Valérie Cabanes veut établir une justice écologique et sociale

Valérie Cabanes est une juriste en droit international. Elle a participé au lancement du mouvement citoyen End Ecocide on Earth qui défend le projet de faire reconnaitre en droit international l’écocide – un écocide est un acte de destruction ou d’endommagement important d’un écosystème lié à un facteur anthropique – comme crime contre la paix et les générations futures. Elle est également cofondatrice de l’association Notre affaire à tous qui œuvre à l’instauration d’une justice climatique. Cette association est l’une des quatre ONG à l’initiative de la mise en cause judiciaire de l’État français quant à son manquement face à ses engagements à lutter contre le changement climatique, nommée l’affaire du siècle.

Sa biographie:

Je suis juriste en Droit International spécialisée dans les Droits de l’Homme et le Droit humanitaire. Je suis impliquée dans la défense des droits des peuples autochtones et la reconnaissance des droits de la nature.

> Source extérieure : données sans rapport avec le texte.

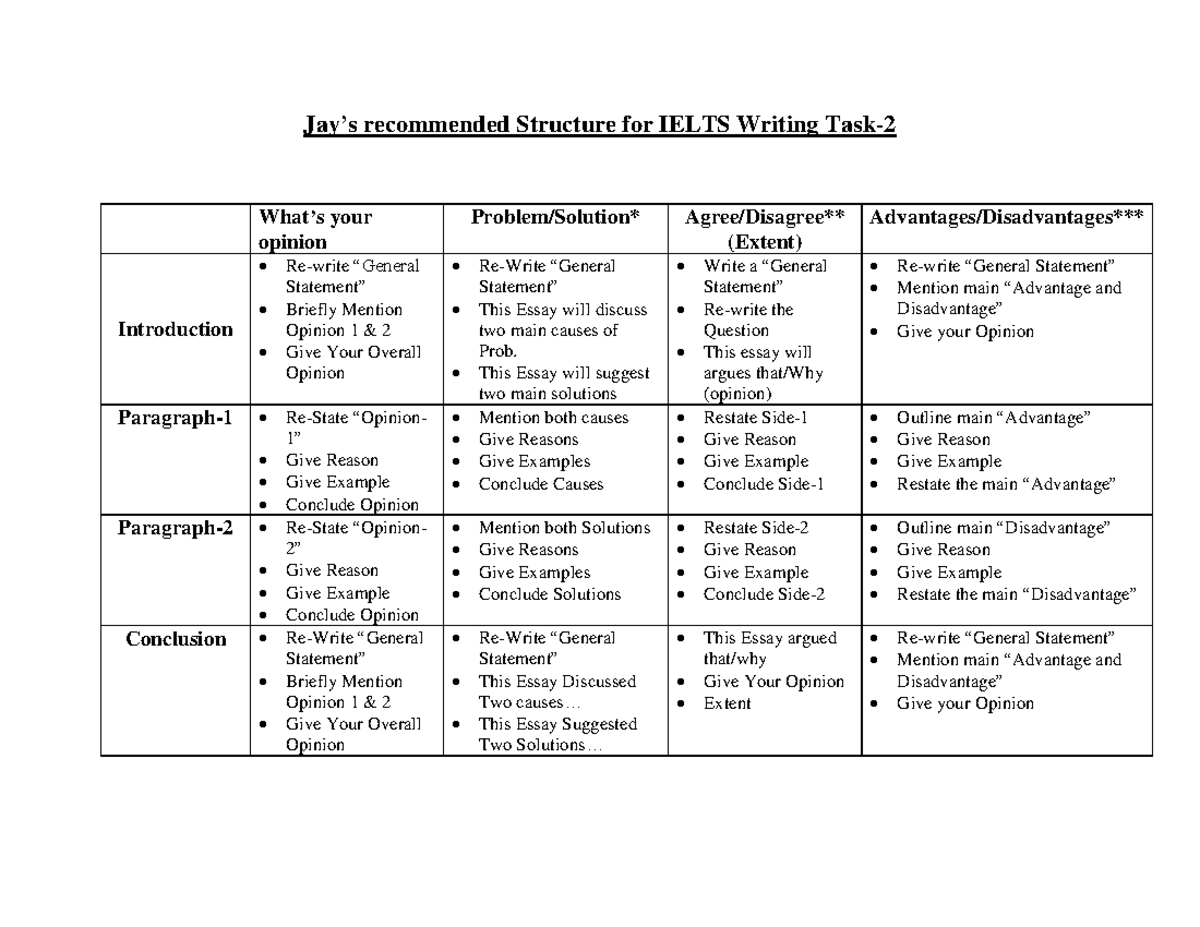 Jay's Recommended Structure for IELTS Gen. Writing Task 2 - Studocu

J’ai passé 18 ans à diriger des programmes internationaux dans les champs de la santé et des droits humains destinés à des personnes handicapées, des femmes et des enfants exploités et victimes de violence, des enfants de la rue et des réfugiés. Mes voyages dans plus de 40 pays et mes recherches m’ont convaincue que la guerre et la pauvreté sont intimement liées à la sur-exploitation des ressources terrestres et à un partage inéquitable de celles-ci. J’ai aussi pu constater que les modes de vie des peuples autochtones sont les plus à même de préserver le système Terre; ils savent exploiter ses ressources sans jamais l’épuiser car ils se reconnaissent eux-mêmes comme un simple maillon de la chaîne de vie.

Ainsi, depuis 2006, je m’implique dans la défense des droits des peuples autochtones. J’ai entamé un travail de thèse en Anthropologie juridique au nord du Québec auprès du peuple Innu puis je me suis impliquée dans la défense de leur territoire ancestral face à des projets de grands barrages hydroélectriques.  Je me suis aussi opposée dès 2011 à ce type de projets industriels en Amazonie brésilienne, notamment le barrage de Belo Monte, en préparant des rapports débattus au sein du Conseil des droits de l’homme des Nations Unies ou du Parlement européen.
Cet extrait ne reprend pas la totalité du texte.